7.9 À la lumière des conclusions ci-dessus, le Comité n’estime pas nécessaire d’examiner le grief fondé sur l’article 16 du Pacte.

8.Le Comité des droits de l’homme, agissant en vertu du paragraphe 4 de l’article 5 du Protocole facultatif se rapportant au Pacte international relatif aux droits civils et politiques, constate que les faits qui lui ont été présentés font apparaître une violation de l’article 7 et des paragraphes 1 et 3 de l’article 9, lus seuls et conjointement avec le paragraphe 3 de l’article 2 du Pacte, et du paragraphe 1 de l’article 10.

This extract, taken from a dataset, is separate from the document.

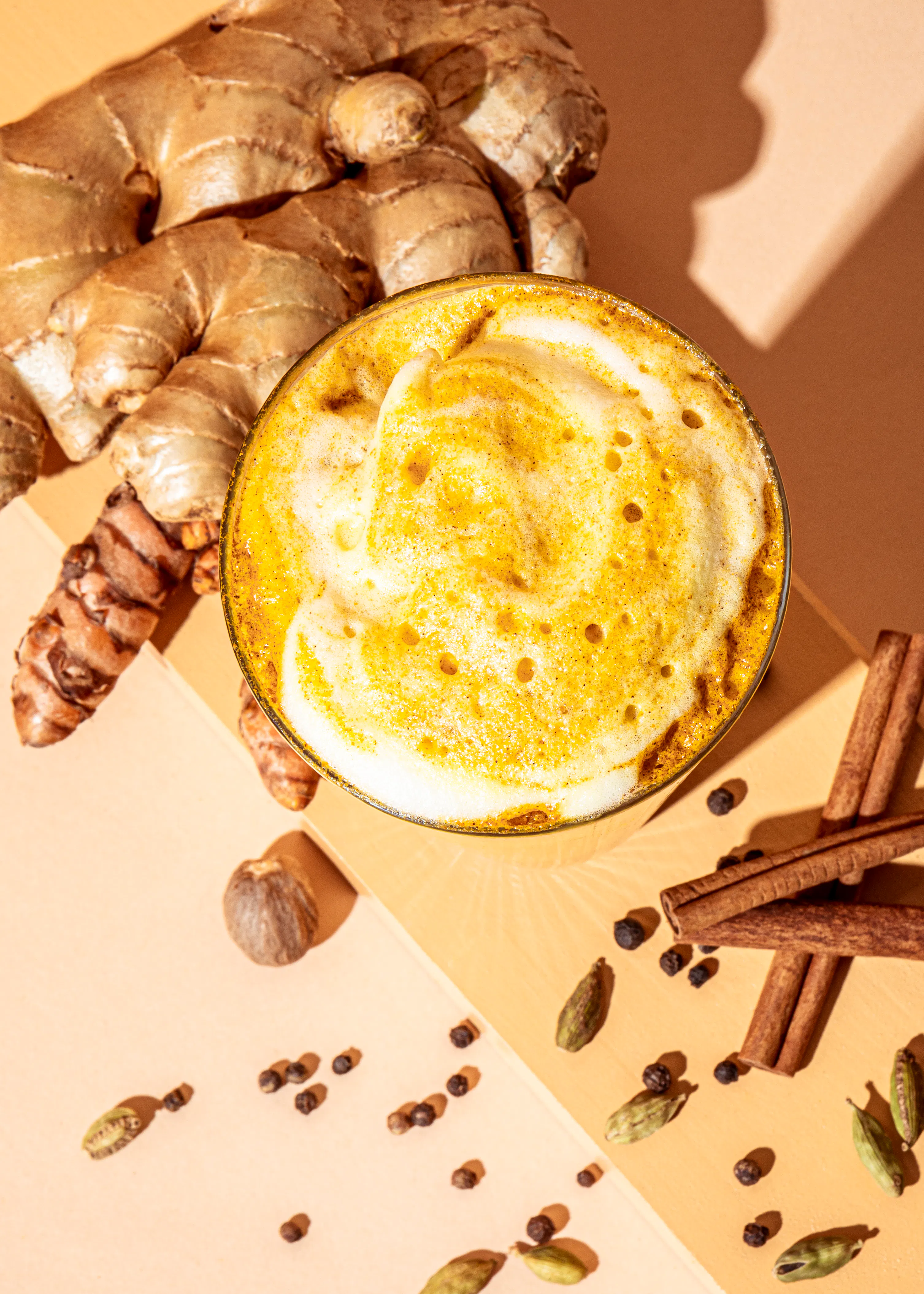 une tasse de boisson entourée de gingembre et de cannelle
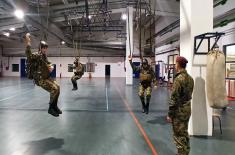 Military volunteers undergo basic parachute training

9.Le Comité considère que l’auteur a droit, conformément au paragraphe 3 a) de l’article 2 du Pacte, à un recours utile. L’État partie est tenu de prendre des mesures appropriées pour faire en sorte que a) compte tenu des donnés de l’espèce, une action pénale soit engagée afin que les personnes responsables des mauvais traitements que l’auteur a subis soient promptement poursuivies et condamnées et b) qu’il obtienne une réparation appropriée y compris sous forme d’indemnisation. L’État partie est, en outre, tenu de veiller à ce que des violations analogues ne se reproduisent pas à l’avenir.

10.Étant donné qu’en adhérant au Protocole facultatif, l’État partie a reconnu que le Comité avait compétence pour déterminer s’il y avait eu ou non violation du Pacte et que, conformément à l’article 2 de celui-ci, il s’est engagée à garantir à tous les individus se trouvant sur son territoire et relevant de sa juridiction les droits reconnus dans la Pacte et à assurer un recours utile et exécutoire lorsqu’une violation a été établie, le Comité souhaite recevoir de l’État partie, dans un délai de 90 jours, des renseignements sur les mesures prises pour donner effet aux présentes constatations. L’État partie est invité, en outre, à rendre publiques les présentes constatations.

[Adopté en anglais, en espagnol et en français (version originale). Le texte est aussi traduit en arabe, en chinois et en russe aux fins du rapport annuel du Comité à l’Assemblée générale.]